Lo peor es que el ritmo desacelerado que marca la economía no disipa un pronto final. Expertos anticipan, por el contrario, que la actual crisis tendrá efectos de larga duración y advierten que quienes como consecuencia de las políticas de ajuste fiscal hayan perdido sus empleos tienen menos posibilidades de recuperación.
Ante este escenario, escasean las respuestas capaces de armar una propuesta social, política y económica que, desarticulando los elementos que provocan la crisis, propongan una nueva dirección para el país con opciones dirigidas a librarnos de este atolladero.
Los dos partidos principales, en el transcurso de las últimas décadas, han sido incapaces de promover un cambio en la estructura social. Sus posicionamientos políticos y su agenda de gobierno suelen ser cada vez más afines, cuando no idénticas. Mas hoy, cuando la crisis que azota la Isla reclama respuestas, la dirigencia de la principal oposición se muestra impasible, sumergida en la sordidez de su silencio.
El tercer partido del ruedo electoral, el Partido Independentista Puertorriqueño, en tanto, luce cada vez más distante de las necesidades del país, ensimismado en una hermética estructura burocrática engrosada de fina retórica discursiva.
La escena se complica si consideramos el descrédito volcado sobre algunos gremios y dirigentes sindicales por, a nuestro entender, no haber logrado exponer con claridad las estrategias políticas de negociación asumidas en medio de la crisis para defender la estabilidad de los empleos que representan.
Los sindicatos, que en su mayoría sufren los vicios del continuismo y el caudillismo, han dejado de dominar la lucha social y la discusión pública de los problemas que afectan al país, ocupando un rol más circunspecto.
El resto de la ciudadanía, en mayor o menor grado, lucha por agenciarse espacios autónomos desde donde alzar su voz para reclamar justicia, democracia e igualdad. Sucedió, por ejemplo, con las luchas de los estudiantes universitarios del sistema público, quienes sonaron la alarma para alertar al país de la necesidad de armarse de valor para enfrentar las políticas discriminatorias del gobierno.
Ellos fueron, en gran sentido, uno de los precursores del movimiento global de indignados que ha validado la fuerza de la irritación colectiva frente a las políticas neoliberales en muchos rincones del mundo. Desafortunadamente, la vigorosidad de ese movimiento también se ha replegado, consecuencia de los atropellos y la violencia policiaca e institucional.
Lo que ha continuado, sin embargo, es el aumento de las desigualdades, la ausencia de democracia, el empobrecimiento, la miseria y la carencia de empleos.

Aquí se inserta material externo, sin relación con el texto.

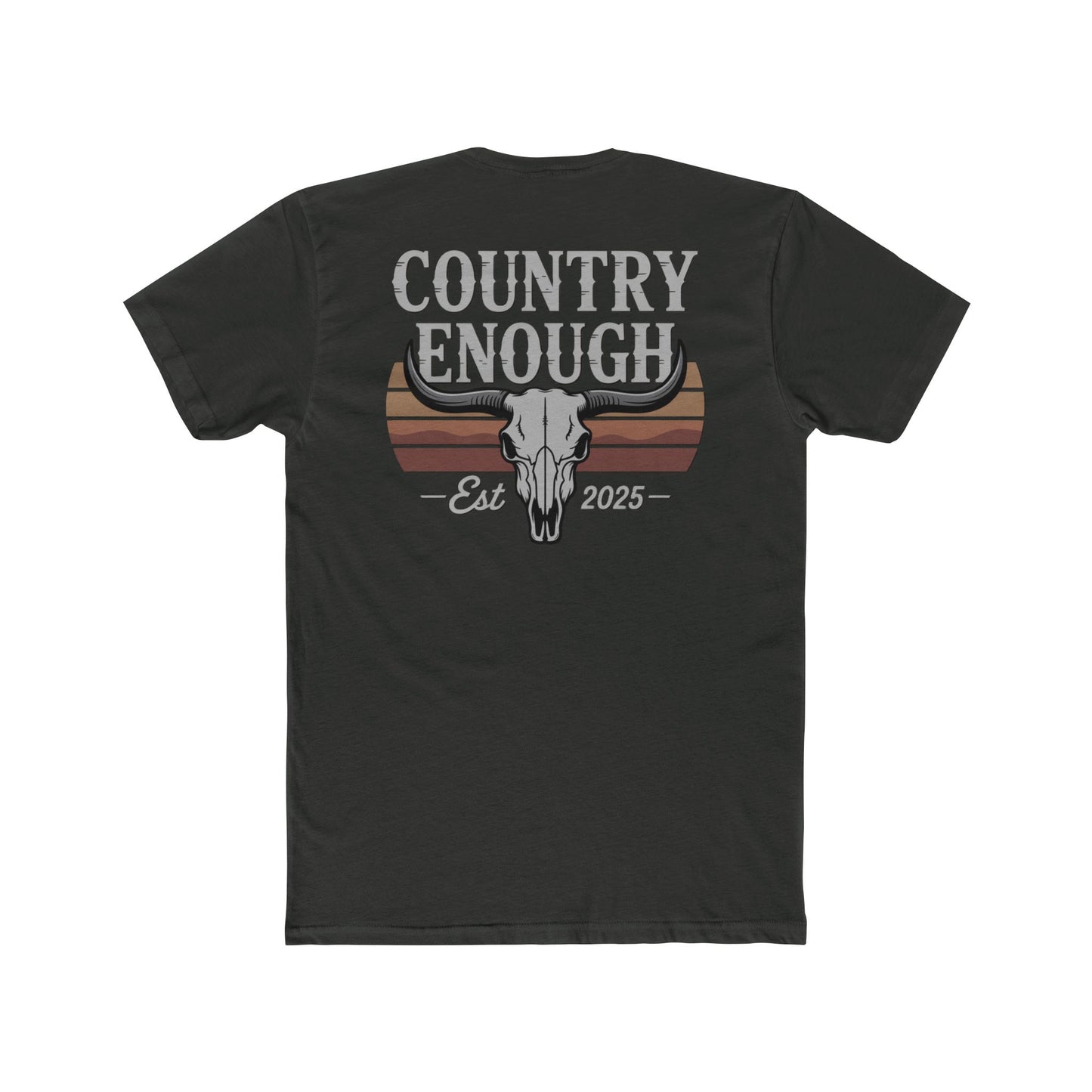 Vintage Black t-shirt with vintage retro graphic of a bull skull and words country enough EST 2025 #vintageblack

Un nuevo orden colmado de contrastes sociales y en el que el mercado ejerce un poderío absoluto se impone, mas no por mucho tiempo.
Las fuerzas sociales no tardarán en resurgir para salvar el país y reconstruirlo viabilizando nuevos espacios de poder participativo y con mayor justicia porque, como ha señalado el economista Joseph E. Stiglitz, “el mejor gobierno que el dinero puede comprar ya no es suficiente».